Nanostructures out of the 3D printer

Technology News |
By Christoph Hammerschmidt

In the nanometer range, complex, free-standing 3D architectures are very difficult to produce due to the required precision. A research team from the Christian Doppler Laboratory for the direct fabrication of 3D nanoprobes at Graz University of Technology has now further developed the technology in such a way that even complex three-dimensional nanostructures can be controlled and, above all, produced predictably. The scientists used Focused Electron Beam Induced Deposition (FEBID), which is already successfully used in the production of complex, but often flat nanostructures.

The individual layers, which are applied with the aid of FEBID-based 3D printing, adhere to almost any material and surface condition. On the one hand, this saves time.
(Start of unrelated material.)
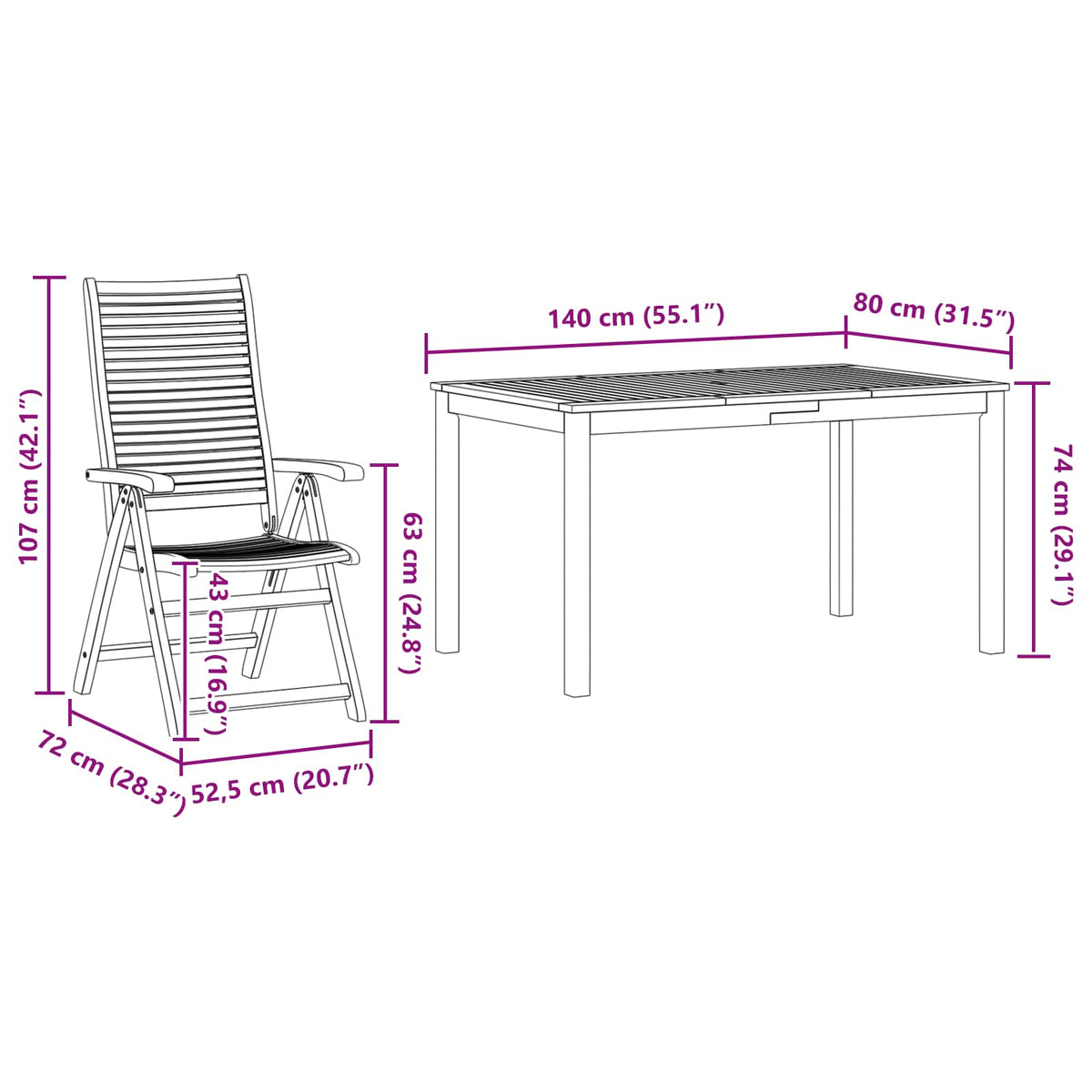 Garden Dining Set 7 pcs Brown Solid Acacia Wood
On the other hand, it also enables fabrication on uneven or rough surfaces. “This type of 3D nanoprinting opens up completely new playgrounds for science and industry,” enthuses Harald Plank, head of the CD laboratory.

With the new technology, tasks can be solved in the future where alternative nanofabrication methods such as electron beam lithography have so far failed. In purely theoretical terms, Plank explains, the new method can even be used to produce nanostructures on a pencil tip.

The method will be used in cooperation with industrial partners GETec Microscopy (Vienna) and Anton Paar GmbH (Graz) in the field of atomic force microscopy for the production of measuring probes with peak radii of less than 10 nanometres.

The printing process takes place in the vacuum chamber of electron microscopes. The functional gases are introduced with a fine needle near the sample. The gaseous molecules then adsorb on the surface and are chemically split and immobilised by the focused electron beam – they therefore remain in place through interaction with the electron beam.

Plank and his team were inspired by Lego bricks to print inclined structures: “In order to build an inclined architecture from Lego, the next higher layer of bricks must always be moved slightly. This is exactly what we have transferred to 3D nanoprinting: Before applying the next layer, we shift the electron beam and thus literally print diagonally upwards.”

To ensure that the new process does not remain a niche technology, the researchers in the CD laboratory want to develop a new software for 3D nanoprinting as the next step, with which complex nanostructures can be printed even without broad prior knowledge. Plank and his team have joined forces with the Oak Ridge National Laboratories (USA) and the Institute of Physics at the Goethe University Frankfurt (GER), which together with Graz University of Technology are among the leading research institutions in this field. This project also focuses on the extension of the process to 3D surfaces and multi-material structures in order to further increase the functionality and thus also the relevance of this technology in research and development.